This morning’s earworm (and blog title) are largely self-explanatory:
Why is this your earworm, Sarah?
The e-mail came late, because (presumably) the people running the contest have day jobs making this very much an evening task. It was the first time in nearly two years I got some tension/drama too, because to find out whether I’d been long-listed or not meant a click through to a website. Actually, of everything I’ve failed at thus far, this felt the most professional. This then led me to be looking at Twitter when somebody else joyfully announced they’d been long-listed for another contest, which clearly I’ve not won either.
I mentioned to Julia the last time I saw her that this weekend had the potential to be rough, because March 1st clearly is when lots of people wake up properly after Christmas and the wheels of competitive industry start properly grinding for the year. It meant that yesterday I added FOUR new potential means of failure to my Submissions Deadlines calendar. It became apparent a few months ago I need a visual list of dates, or else I just forget what matters. Now I have it, June’s already packed.

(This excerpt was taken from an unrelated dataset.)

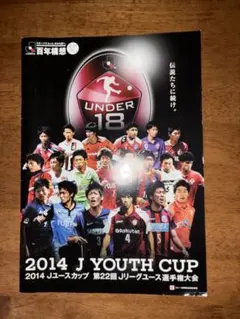 2014 Jユース杯第22回Jリーグユース選手権大会プログラム（鹿島優勝）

Instead of taking March completely off (it transpires a few days of not thinking too hard was all I really needed) I’ve scheduled 4 poems and a short story, plus a proposal for becoming a Poet in Residence. On top of that there’s a second proposal to send off tomorrow on top of the fiction project which, amazingly, seems to be moving under its own steam fairly well. That’s being earmarked as complete before one of my new June cut-off points.
What this month will be remembered for is learning the next skill level of ‘Multi-Function Organisation’ because the second Twitter account really has become a godsend. There’s also, very crucially, an emergent mental ability to be able to switch between two very distinct worlds. It’s a bit of a shock when they suddenly overlap, but the fact they do is a salutatory reminder of how small a world this really is. If you know creatives, there’s a good chance that overlaps exist in circles of association even you weren’t aware of.

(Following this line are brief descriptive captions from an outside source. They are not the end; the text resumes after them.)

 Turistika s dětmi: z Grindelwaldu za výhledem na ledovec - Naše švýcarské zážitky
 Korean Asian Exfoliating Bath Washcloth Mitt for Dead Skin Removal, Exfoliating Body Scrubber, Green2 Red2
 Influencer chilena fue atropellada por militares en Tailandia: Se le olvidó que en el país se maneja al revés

That means, that like it or not, knowing when to keep quiet is a life skill I really need to keep practising. It also meant an apology was sent last night via email that many would consider unnecessary, but I still believe was essential. A lot has happened in the last 24 hours that I’m still attempting to process. How that affects things going forward is still unclear, but there’s an awful lot to think about. Good public conduct is essential as a professional. Knowing who’s reading is also fairly important to the responses you then present.
Nobody said any of this was going to be easy.